Clothing of the slain in a Rwandan Church
Last year Rwandans in places around the world acknowledged the 25th anniversary of the Rwandan genocide. Many of the perpetrators of the terrible violence which resulted in anywhere from 500,000 to a million deaths were brought to justice, including religious leaders. Others managed to escape and begin new lives despite their part in atrocities.
Last week one of the most wanted fugitives 84-year-old Felicien Kabuga was arrested in a town near Paris, France. He was, a wealthy businessman accused of supplying machetes to killers and broadcasting propaganda urging mass slaughter.

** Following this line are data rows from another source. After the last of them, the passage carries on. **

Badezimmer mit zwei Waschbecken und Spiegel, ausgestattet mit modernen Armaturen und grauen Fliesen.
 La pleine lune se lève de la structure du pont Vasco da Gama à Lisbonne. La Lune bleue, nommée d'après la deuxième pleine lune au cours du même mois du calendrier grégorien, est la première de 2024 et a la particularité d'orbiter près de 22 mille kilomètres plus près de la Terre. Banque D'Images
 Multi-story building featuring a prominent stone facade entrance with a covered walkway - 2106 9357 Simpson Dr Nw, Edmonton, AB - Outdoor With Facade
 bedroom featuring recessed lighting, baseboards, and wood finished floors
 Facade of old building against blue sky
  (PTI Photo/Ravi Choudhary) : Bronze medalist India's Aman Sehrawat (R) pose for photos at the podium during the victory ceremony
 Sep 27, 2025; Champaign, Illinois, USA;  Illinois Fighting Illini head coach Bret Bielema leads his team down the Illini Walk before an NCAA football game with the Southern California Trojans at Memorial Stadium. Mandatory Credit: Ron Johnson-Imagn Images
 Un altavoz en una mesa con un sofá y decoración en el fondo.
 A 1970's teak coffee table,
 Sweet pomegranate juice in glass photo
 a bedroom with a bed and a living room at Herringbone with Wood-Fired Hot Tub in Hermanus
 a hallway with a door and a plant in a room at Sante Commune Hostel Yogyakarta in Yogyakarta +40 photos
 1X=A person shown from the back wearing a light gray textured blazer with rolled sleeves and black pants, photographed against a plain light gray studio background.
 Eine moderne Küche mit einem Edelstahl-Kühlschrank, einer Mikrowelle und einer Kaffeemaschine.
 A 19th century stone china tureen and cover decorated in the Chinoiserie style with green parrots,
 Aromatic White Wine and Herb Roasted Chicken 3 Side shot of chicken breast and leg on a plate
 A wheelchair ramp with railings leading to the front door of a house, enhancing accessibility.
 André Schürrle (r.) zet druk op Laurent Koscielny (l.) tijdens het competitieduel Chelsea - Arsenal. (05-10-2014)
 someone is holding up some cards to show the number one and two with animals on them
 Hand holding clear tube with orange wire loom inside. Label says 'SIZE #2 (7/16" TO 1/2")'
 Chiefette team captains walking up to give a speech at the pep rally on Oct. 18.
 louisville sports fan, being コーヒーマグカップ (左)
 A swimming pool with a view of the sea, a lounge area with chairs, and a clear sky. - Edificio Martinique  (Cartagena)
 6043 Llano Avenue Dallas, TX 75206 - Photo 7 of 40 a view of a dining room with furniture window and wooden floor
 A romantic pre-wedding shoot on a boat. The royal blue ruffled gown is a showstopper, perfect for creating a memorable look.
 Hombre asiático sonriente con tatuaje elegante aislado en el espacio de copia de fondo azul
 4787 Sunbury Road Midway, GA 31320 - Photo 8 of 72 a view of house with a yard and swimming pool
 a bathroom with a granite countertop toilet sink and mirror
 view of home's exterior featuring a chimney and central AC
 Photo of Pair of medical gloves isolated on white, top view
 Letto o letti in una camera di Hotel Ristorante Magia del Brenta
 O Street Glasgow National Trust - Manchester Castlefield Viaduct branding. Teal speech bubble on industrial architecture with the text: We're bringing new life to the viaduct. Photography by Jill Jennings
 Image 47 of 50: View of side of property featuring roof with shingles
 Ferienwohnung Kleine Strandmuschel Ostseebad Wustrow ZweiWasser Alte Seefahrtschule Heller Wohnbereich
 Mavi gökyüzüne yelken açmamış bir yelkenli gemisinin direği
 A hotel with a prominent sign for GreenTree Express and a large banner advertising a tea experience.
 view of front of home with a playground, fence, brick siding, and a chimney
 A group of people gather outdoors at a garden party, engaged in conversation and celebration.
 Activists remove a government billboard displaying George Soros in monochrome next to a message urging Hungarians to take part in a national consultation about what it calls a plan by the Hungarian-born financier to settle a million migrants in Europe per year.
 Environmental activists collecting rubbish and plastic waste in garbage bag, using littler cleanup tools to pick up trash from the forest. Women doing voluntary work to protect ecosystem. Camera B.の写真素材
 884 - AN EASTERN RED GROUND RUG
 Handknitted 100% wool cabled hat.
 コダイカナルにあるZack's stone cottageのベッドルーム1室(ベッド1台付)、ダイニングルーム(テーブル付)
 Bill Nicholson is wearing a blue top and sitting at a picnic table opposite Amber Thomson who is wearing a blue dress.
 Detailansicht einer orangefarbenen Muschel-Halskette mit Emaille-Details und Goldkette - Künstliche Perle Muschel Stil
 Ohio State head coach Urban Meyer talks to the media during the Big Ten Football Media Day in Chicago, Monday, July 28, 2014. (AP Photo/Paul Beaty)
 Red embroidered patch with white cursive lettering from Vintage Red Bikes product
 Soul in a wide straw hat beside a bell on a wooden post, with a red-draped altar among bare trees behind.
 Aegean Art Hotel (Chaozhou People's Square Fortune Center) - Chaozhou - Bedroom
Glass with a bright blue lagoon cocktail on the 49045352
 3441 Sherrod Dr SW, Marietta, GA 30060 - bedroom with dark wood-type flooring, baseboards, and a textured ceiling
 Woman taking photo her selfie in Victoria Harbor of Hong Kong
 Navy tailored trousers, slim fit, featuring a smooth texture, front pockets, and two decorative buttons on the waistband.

The US offered a $5 million reward for information leading to Kabuga's arrest
In many Rwandan communities people took refuge in churches, only to be slaughtered there, sometimes betrayed by pastors and priests. Some of those churches became memorials to the murdered, grim museums to betrayal. Through the years I'e read stories of those who were able to forgive despite their profound losses and it's almost incomprehensible that they could do so. Ofen they were betrayed by neighbours and even family members. In 2016 Rwanda bishops ask for forgiveness for part Catholics played in 1994 genocide
There is a Forgiveness Project website which might interest you. https://www.theforgivenessproject.com/stories/jean-paul-samputu/
This arrest brought to mind the Netflix series, Black Earth Rising, which is about the continuing efforts to find those who were behind the genocide to justice. They may not have held the machetes, but they are guilty of murder, just the same. It's important that people such as Kabuga are found and held to account. What a world.